CSU moves forward with sexual violence and misconduct campaign

Let’s Get Consensual takes off after semester-long delay

Greta Kooy // Campus Life Editor

Following the Sexual Violence and Misconduct policy Capilano University released last year, the Capilano Students’ Union (CSU) launched a campaign focusing on consent culture on campus. What inspired the CSU to bring their own campaign of the same name to CapU was an initiative originally organized by the University of Victoria Students’ Society (UVSS) called Let’s Get Consensual.

The CSU had planned to launch their campaign by the end of September, but they could only begin once members had received training from the UVSS. Instead, the CSU is seeing their plan being implemented this month. Due to scheduling issues, their original training dates were pushed from August to December.

Training took place over the winter break and involved an intense three-day workshop based out of Kwantlen Polytechnic University’s Surrey campus. There, members of the Anti-Violence Project, an association based out of the University of Victoria, trained participants from the CSU.

Alongside other BC universities, five members of the CSU attended, including Women Students Liaison Katie Japaridize. “It was very detailed,” she said. “It was a good opportunity for us at the [CSU] to connect with other student associations.”

Now, three months later, the CSU has held their second workshop associated with the campaign. Although it would have been much more ideal to launch their campaign earlier, Japaridize noted that training CSU volunteers required extra time and effort.

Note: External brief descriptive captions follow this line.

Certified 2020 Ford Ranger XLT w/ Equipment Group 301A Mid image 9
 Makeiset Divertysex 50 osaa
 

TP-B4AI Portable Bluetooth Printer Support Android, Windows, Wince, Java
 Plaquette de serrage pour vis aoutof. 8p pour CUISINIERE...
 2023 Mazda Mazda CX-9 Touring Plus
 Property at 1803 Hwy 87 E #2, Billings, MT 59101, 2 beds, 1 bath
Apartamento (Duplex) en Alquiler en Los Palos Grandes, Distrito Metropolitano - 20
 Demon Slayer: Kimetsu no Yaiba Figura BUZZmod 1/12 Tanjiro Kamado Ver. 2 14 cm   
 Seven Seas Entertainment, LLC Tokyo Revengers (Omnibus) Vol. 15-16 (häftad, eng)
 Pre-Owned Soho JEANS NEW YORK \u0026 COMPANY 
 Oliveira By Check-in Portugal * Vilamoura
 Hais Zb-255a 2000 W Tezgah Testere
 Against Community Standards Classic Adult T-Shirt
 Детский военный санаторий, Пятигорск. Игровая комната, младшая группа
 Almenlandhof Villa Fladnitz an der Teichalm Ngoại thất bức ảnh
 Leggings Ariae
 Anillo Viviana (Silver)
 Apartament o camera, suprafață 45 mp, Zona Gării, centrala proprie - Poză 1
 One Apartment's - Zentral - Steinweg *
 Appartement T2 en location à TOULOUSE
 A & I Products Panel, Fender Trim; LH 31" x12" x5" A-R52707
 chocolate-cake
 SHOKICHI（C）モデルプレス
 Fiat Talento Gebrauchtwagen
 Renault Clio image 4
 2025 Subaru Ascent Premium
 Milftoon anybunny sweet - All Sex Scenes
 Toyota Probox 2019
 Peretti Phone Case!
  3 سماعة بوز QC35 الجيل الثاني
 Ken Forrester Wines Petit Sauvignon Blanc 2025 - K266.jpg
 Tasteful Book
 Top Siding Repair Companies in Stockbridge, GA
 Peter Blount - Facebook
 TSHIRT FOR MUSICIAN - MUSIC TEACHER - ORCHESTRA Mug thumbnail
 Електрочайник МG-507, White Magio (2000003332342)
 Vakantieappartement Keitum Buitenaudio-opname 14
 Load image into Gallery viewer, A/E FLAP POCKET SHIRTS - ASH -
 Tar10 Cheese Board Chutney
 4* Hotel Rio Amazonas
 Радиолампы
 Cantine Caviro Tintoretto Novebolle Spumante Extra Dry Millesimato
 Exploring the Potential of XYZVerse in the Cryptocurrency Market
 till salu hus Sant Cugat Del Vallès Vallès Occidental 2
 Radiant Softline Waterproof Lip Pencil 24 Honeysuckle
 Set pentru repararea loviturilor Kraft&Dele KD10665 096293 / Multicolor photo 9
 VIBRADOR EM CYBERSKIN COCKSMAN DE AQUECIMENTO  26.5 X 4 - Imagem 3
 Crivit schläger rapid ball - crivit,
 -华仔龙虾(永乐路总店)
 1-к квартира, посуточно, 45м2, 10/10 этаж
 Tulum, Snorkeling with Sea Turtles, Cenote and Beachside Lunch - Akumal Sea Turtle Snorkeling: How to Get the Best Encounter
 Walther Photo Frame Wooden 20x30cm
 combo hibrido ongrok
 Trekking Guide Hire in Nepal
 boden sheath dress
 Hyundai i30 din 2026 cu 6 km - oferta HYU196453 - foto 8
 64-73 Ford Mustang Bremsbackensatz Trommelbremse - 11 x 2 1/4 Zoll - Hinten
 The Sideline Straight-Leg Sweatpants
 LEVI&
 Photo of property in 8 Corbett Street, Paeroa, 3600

“We had a debrief in February to get the volunteers back together and to talk about the training, what went well, what didn’t go well, what they learned and how we could improve,” said Japaridize.

Working with the CSU on their Sexual Violence and Misconduct Campaign is Jody Armstrong, CapU’s community wellness strategist, who Japaridize noted was a valuable and key member to the project. “My job came as a response to the Sexual Violence and Misconduct policy, so part of my job is focused on the implementation of that policy,” he said.

Armstrong, along with Arts and Sciences Faculty Representative Madeleine Fyffe and Senate Representative Joshua Larsen, hosted a Let’s Get Consensual workshop at CapU on Mar. 7.

These workshops are far less intense than the training CSU members received from the Anti-Violence Project. Students are encouraged to work with and interact with one another by way of icebreakers and question and answer periods. This method, Japaridize believes, opens up the space to talk about sexual violence and misconduct in a comfortable and supportive environment. “What I find is that this type of learning is way more efficient… When you actually discuss things with each other, that’s when you start thinking,” she said.

The CSU currently has no plans for another workshop this semester, but Japaridize is hopeful that the campaign will run again next year and further into the future. “We’ve had a lot of interest,” Japaridize said of the workshops. “That’s one of the hardest things for us, to get people together and to get people interested, because we’re a commuter campus. No one really stays here.” However, she isn’t worried about the number of students participating in the workshop, but rather the quality of their experience and what they are able to take away from it.

The importance of a campaign like Let’s Get Consensual is becoming evident as more post-secondary institutions implement sexual violence and misconduct policies in accordance with BC legislation and participate in the ongoing practice of consent and consent-based culture. “The campaign is about sexualized violence, but it’s about consent,” said Board of Governors Representative Hassan Merali, “because consent is central to preventing sexualized violence and misconduct.”

CSU President and Vice President Finance and Services, Perry Safari, noted the changing environment of the campus, acknowledging the new CapU residence at Dollarton. “The setting at Cap is changing very rapidly… That changes the dynamic of [the campus]. That’s why it’s important to put more of an emphasis on sexual violence and misconduct awareness.”

Armstrong noted that similar consent training would soon be afforded to Residence Advisors at the Dollarton Residence, and that workshops are being tailored to those living at Dollarton.